Harden the board selection loop 09/21209/1
authorJan-Simon Möller <jsmoeller@linuxfoundation.org>
Tue, 30 Apr 2019 15:15:53 +0000 (17:15 +0200)
committerJan-Simon Möller <jsmoeller@linuxfoundation.org>
Tue, 30 Apr 2019 15:16:22 +0000 (17:16 +0200)
and make it more resilent. Better wait here until we really have a board available than fail later.
Fix: A running board was counted as 'available' but the job timeouts might kill us lateron.

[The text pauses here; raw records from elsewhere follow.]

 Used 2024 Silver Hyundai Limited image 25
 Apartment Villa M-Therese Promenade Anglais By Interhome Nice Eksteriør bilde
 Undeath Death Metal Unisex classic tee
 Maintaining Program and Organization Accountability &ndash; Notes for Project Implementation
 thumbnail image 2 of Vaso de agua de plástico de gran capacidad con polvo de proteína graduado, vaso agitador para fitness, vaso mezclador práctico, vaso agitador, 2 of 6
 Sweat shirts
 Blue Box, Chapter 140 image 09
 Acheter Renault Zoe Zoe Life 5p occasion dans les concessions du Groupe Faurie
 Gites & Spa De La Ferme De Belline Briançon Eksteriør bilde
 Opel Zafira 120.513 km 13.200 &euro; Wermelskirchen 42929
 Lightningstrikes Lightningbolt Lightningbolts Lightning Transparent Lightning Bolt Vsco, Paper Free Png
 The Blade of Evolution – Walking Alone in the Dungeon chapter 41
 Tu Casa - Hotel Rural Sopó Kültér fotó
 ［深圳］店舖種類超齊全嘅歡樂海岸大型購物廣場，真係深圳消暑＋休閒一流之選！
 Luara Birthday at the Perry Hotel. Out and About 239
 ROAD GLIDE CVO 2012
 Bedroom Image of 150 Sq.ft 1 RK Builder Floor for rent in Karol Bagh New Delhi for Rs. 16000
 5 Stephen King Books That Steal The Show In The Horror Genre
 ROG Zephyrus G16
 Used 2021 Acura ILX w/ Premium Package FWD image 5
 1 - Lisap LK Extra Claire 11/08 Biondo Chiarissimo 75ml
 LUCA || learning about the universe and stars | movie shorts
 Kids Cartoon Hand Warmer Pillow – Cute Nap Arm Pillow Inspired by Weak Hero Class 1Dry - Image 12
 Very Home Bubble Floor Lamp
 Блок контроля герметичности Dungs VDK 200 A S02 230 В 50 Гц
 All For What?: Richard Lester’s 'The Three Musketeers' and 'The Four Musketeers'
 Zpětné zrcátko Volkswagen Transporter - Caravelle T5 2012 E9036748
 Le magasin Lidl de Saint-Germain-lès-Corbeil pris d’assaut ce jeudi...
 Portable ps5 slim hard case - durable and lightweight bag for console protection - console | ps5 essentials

Change-Id: Ic508525c330299718ac7743a274bce1c2a06f894
Signed-off-by: Jan-Simon Möller <jsmoeller@linuxfoundation.org>
jjb/common/include-agl-lava-labs-prepare.sh

index ea19d28..26f1461 100644 (file)
@@ -31,6 +31,7 @@ cat <<EOF >  ~/.local/share/python_keyring/keyringrc.cfg
 default-keyring=keyring.backends.file.PlaintextKeyring
 EOF
 
+set -x
 device_available=0
 for lab in "${!labs[@]}"; do
     val=${labs[$lab]}
@@ -87,40 +88,45 @@ for lab in "${!labs[@]}"; do
        echo "lavacli: did not find any device available: $lavacli_line"
     fi
 
+    # FIXME: encode this better , we might have multiple jobs already queued/running.
+    # We have to wait before we 'flood' the queue. Better here than to timeout later!
+    retries=1
     if [ x"$device_status" = x"Reserved,Good" ]; then
-        retries=10
-    else
-        retries=1
+        retries=30
+    elif [ x"$device_status" = x"Running,Good" ]; then
+        retries=30
     fi
 
     # If the device is reserved poll it's status every minutes.
     # The max polling time is set to $retries * 60 seconds = 10 minutes.
+    device_available=0
     for i in `seq 1 $retries`
     do
         # device is only available if "idle" or "running"
-        device_available=0
-        if [ x"$device_status" = x"Reserved,Good" ]; then
-            sleep 60s
-            # Look if the status of the board has changed from reserved in the lab
-            echo -n "Checking for $lava_device at $full_url... "
-            lavacli_line=$(lavacli -i $lab devices list | grep $lava_device | grep Good | head -1)
-            lavacli_line=$(echo "$lavacli_line" | tr -d '[:space:]')
-
-            if [ -z "$lavacli_line" ]; then
-                echo "not found."
-                continue
-            fi
-            IFS=':'
-            arr=($lavacli_line)
-            device_status=${arr[1]}
-            IFS=${OFS}
+        sleep 60s
+        # Look if the status of the board has changed from reserved in the lab
+        echo -n "Checking for $lava_device at $full_url... "
+        lavacli_line=$(lavacli -i $lab devices list | grep $lava_device | grep Good | head -1)
+        lavacli_line=$(echo "$lavacli_line" | tr -d '[:space:]')
+        if [ -z "$lavacli_line" ]; then
+            echo "not found."
+            continue
         fi
-        if [ x"$device_status" = x"Idle,Good" ]; then
+        IFS=':'
+        arr=($lavacli_line)
+        device_status=${arr[1]}
+        IFS=${OFS}
+
+        if [ x"$device_status" = x"Reserved,Good" ]; then
+            echo "Device still reserved, retries left: $retries ."
+            continue
+        elif [ x"$device_status" = x"Idle,Good" ]; then
+            # IDLE AND GOOD means we can grab it
             device_available=1
             break
         elif [ x"$device_status" = x"Running,Good" ]; then
-            device_available=1;
-            break
+            echo "Device still running (other job), retries left: $retries ."
+            continue
         fi
     done